**Problem to solve**
Within the data below, copy each line where the string "Background" is found.
*** Data listing Section Begins ***
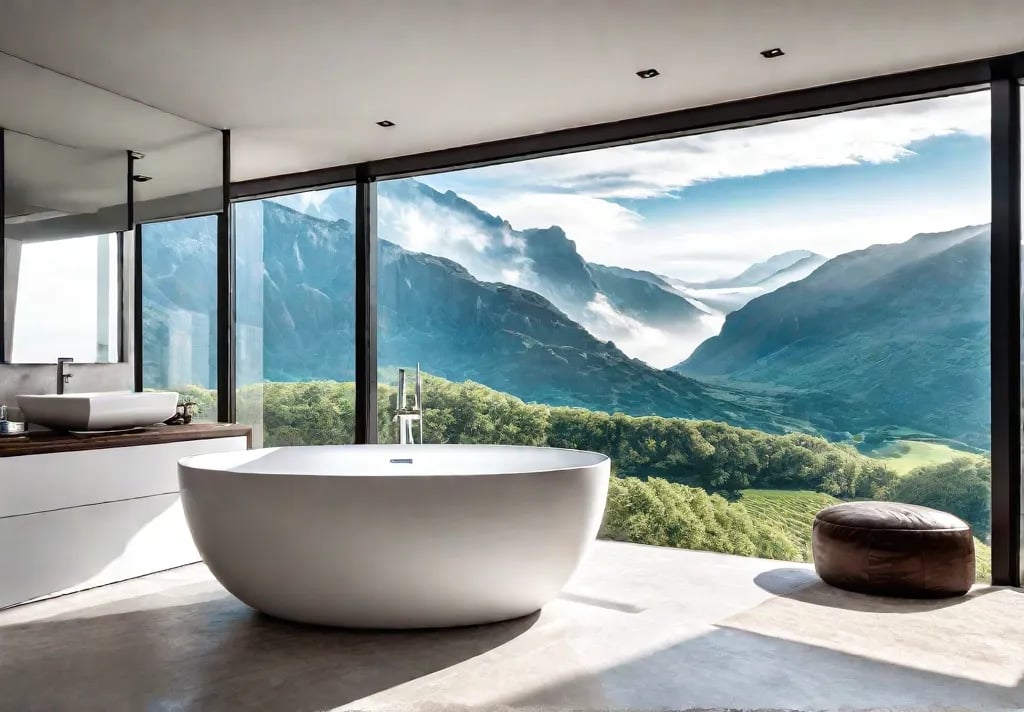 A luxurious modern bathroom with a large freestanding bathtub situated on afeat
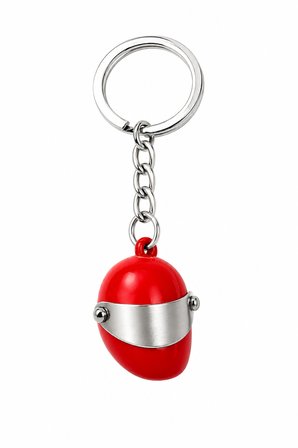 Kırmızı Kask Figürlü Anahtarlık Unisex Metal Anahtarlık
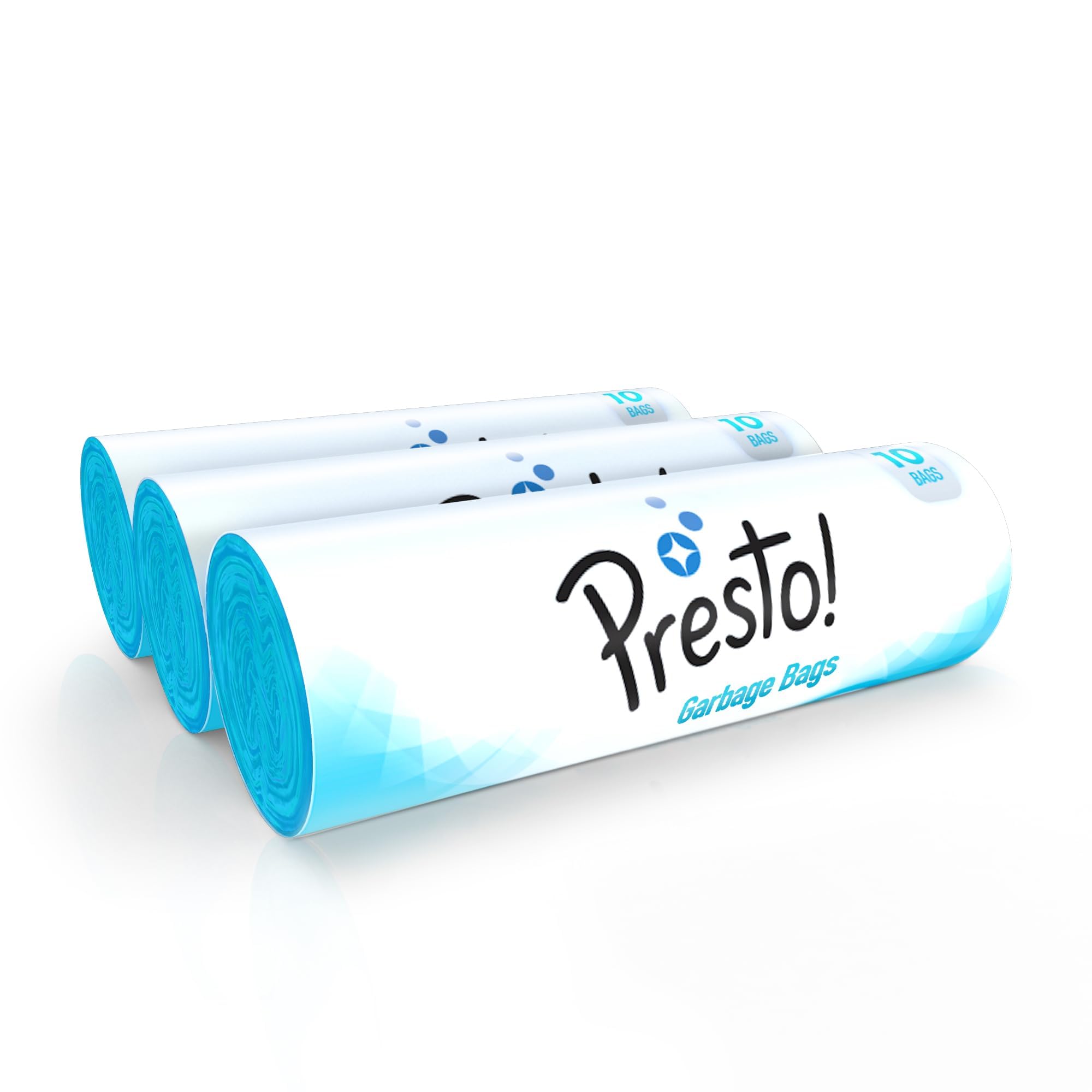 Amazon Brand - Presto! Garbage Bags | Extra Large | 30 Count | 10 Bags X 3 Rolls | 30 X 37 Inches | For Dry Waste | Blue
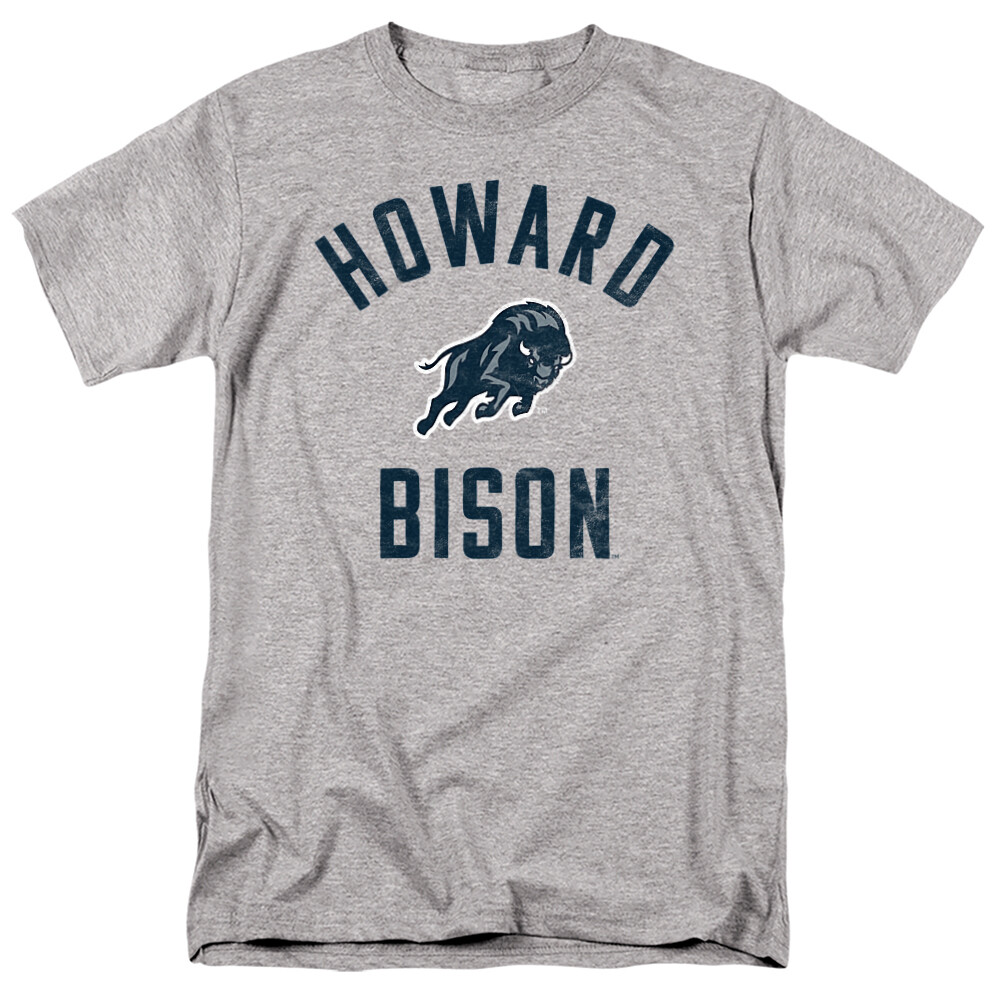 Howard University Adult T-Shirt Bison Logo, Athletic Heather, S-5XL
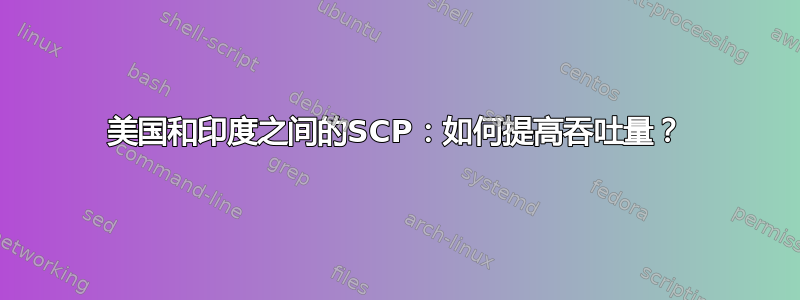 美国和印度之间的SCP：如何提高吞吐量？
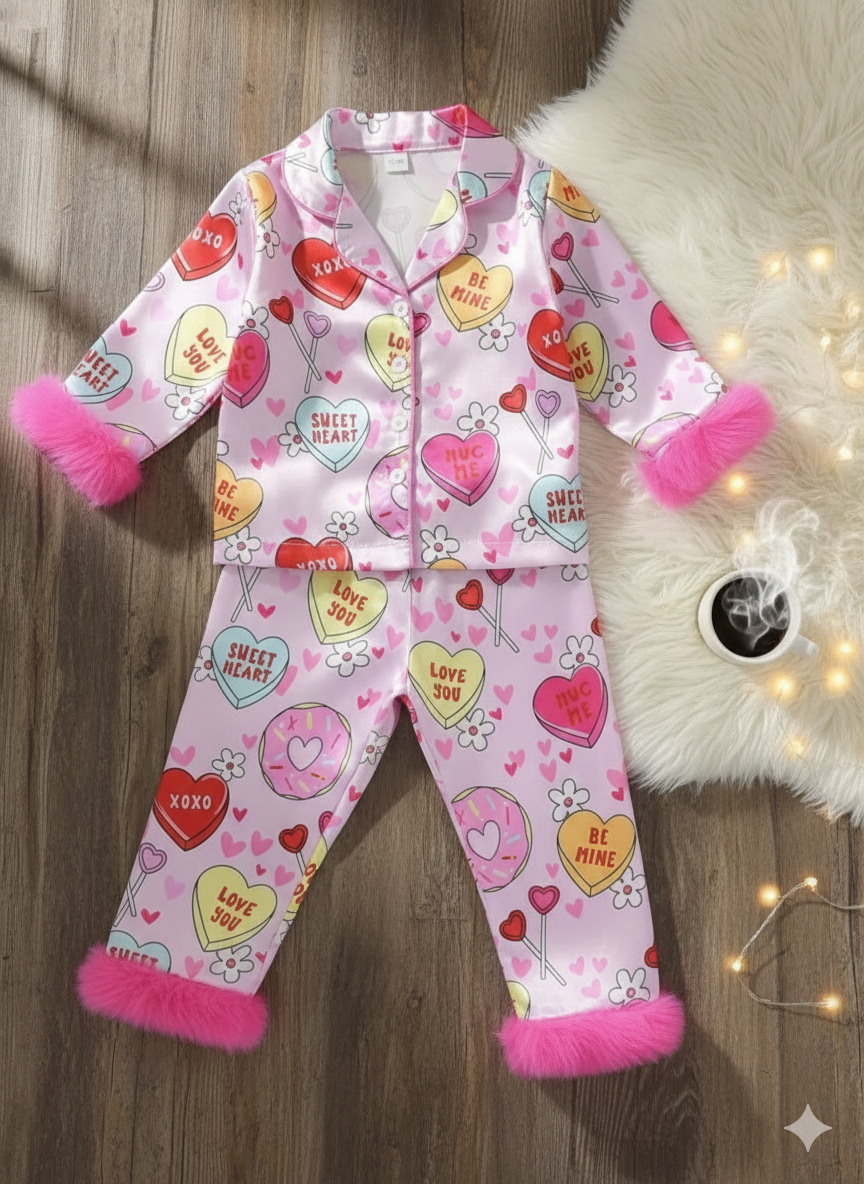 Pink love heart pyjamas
*** Data listing Section Ends ***
*** Data listing Section Begins ***
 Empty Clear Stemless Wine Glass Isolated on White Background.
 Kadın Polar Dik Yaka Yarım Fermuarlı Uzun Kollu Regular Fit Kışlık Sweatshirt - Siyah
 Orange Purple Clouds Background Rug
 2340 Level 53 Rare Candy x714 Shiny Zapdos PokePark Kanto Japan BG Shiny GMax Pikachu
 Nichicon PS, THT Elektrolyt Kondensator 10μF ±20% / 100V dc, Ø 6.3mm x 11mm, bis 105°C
*** Data listing Section Ends ***
**Written answer**
 Empty Clear Stemless Wine Glass Isolated on White Background.
 Orange Purple Clouds Background Rug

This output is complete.